Background

The DAVE multibeam sonar plugin, adapted for ROS 2 Jazzy and Gazebo Harmonic, uses a ray-based multibeam model that simulates phase, reverberation, and speckle noise through a point scattering approach. It generates realistic intensity-range (A-plot) data while accounting for time and angular ambiguities as well as speckle noise.

Below is a diagram showing how the plugin is structured and how CUDA is utilized to perform the sonar calculations, after optimization and ROS 2 migration. The green highlighted functions are new functions added to substitute older ones. Other modifications were made which will be discussed in this article.

Diagrama em branco(3).png

Methodology

The CUDA code is basically divided in 4 steps: sonar calculation, ray summation, beam culling & windowing and FFT (details of the process and math is discussed in https://www.frontiersin.org/journals/robotics-and-ai/articles/10.3389/frobt.2021.706646/full#e8). In the context of this project, the goal was to optimize the code to reduce execution time. The initial optimization strategy was based on the hypothesis that applying specific performance principles could enhance the code’s efficiency. (cite https://ams148-spring18-01.courses.soe.ucsc.edu/lecture-notes.html):

To begin analyzing the pain points of the CUDA code, the sonar wrapper was tested in isolation using standard inputs.

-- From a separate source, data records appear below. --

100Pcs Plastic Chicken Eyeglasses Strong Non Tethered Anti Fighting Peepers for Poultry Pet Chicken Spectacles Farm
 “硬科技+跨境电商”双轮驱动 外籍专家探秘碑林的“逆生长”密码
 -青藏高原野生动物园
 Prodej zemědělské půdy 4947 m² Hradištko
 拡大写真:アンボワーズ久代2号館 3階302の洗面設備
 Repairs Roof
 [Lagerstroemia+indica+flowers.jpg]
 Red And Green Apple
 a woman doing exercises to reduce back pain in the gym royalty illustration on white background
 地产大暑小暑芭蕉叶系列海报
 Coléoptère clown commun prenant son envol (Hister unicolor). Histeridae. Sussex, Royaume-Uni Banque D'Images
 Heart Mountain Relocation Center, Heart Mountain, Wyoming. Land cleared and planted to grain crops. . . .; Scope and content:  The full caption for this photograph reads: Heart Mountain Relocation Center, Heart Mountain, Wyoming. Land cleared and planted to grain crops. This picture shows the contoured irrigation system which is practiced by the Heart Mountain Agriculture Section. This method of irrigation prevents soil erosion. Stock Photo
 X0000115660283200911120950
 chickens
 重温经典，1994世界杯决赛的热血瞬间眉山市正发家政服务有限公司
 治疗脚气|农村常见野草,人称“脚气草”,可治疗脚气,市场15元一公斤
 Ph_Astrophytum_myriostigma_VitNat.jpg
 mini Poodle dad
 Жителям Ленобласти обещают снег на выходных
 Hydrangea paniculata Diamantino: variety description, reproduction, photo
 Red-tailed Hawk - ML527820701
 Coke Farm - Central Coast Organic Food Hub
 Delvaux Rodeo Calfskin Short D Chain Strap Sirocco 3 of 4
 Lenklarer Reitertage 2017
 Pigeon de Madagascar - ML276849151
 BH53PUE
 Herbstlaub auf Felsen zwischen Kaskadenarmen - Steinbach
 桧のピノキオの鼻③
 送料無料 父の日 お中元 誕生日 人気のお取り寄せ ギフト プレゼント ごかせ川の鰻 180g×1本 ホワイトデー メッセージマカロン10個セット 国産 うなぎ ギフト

Computation Step Avg Time (ms) Min (ms) Max (ms) Samples
GPU Sonar Computation 108.27 102.56 124.56 50
Sonar Ray Summation 267.57 235.24 345.40 50
GPU Window & Correction 38.85 34.77 51.21 50
GPU FFT Calculation 22.20 17.29 28.35 50
Total Sonar Calculation Wrapper 434.71 396.84 540.35 50

Table 1 presents an overview of the original implementation used in the DAVE demo, with the code divided into its main components.

The results, obtained on an NVIDIA GeForce MX330, indicate that the sonar computation and ray summation stages are the most time-consuming, accounting for 86% of the total sonar wrapper single-call time. Notably, these sections are also where the majority of malloc and memcpy operations occur, making them the primary focus of the optimization efforts in this work.

Using nvsys stats, we obtained results from running it a single time at initialization (see Figure 1). It shows how much time is spent in a single run of the CUDA code in the plugin (which is called every frame of the Gazebo). It shows that a most of the time is spent on memory allocation, device synchronize and memory copies. It can be seen that cudaMalloc takes the most time, around 127.52 ms, to initialize memory on the device (all arrays and variables). Next is cudaMemcpy at 122.79 ms, followed by cudaMallocHost at 40.51 ms.

When running a second time immediately afterward, cudaMalloc still takes roughly the same total time (even with twice the number of calls), but cudaMemcpy increases to 246.06 ms and cudaMallocHost to 87.68 ms. The CUDA code allocates and frees memory during every sonar frame calculation, which explains why cudaMallocHost time doubles, even though cudaMalloc does not (possibly due to caching, as a hypothesis). However, it is clear that memory transfers between device and host are the main bottleneck of the code, and repeated cudaMallocHost calls also contribute to higher times.

Figure 1: Top 10 CUDA Functions by Total Time for the old code in one run

Figure 1: Top 10 CUDA Functions by Total Time for the old code in one run

Figure 2: CUDA Kernels by Total Time for the old code in one run

Figure 2: CUDA Kernels by Total Time for the old code in one run

Figure 2 shows the execution time taken by the kernels. Although the kernels themselves are not the main bottleneck, the way they are called still warrants analysis, particularly the number of times each kernel is invoked per run. For example, in the demo, the column_sums_reduce kernel is called 1,026 times in a single run, which can introduce significant overhead, whereas most other kernels are called only once or twice per run.

With all this in mind, the first step in optimizing the code was to examine how memory allocation was being performed, determine whether buffers could be reused, and verify if pinned memory was being applied (principle 2).

The second step involved identifying the parts of the code that consumed the most execution time. Optimization efforts then focused on minimizing memory transfers wherever possible, either by modifying kernel calls or avoiding unnecessary memory copies when values could remain on the GPU (principles 1 and 3).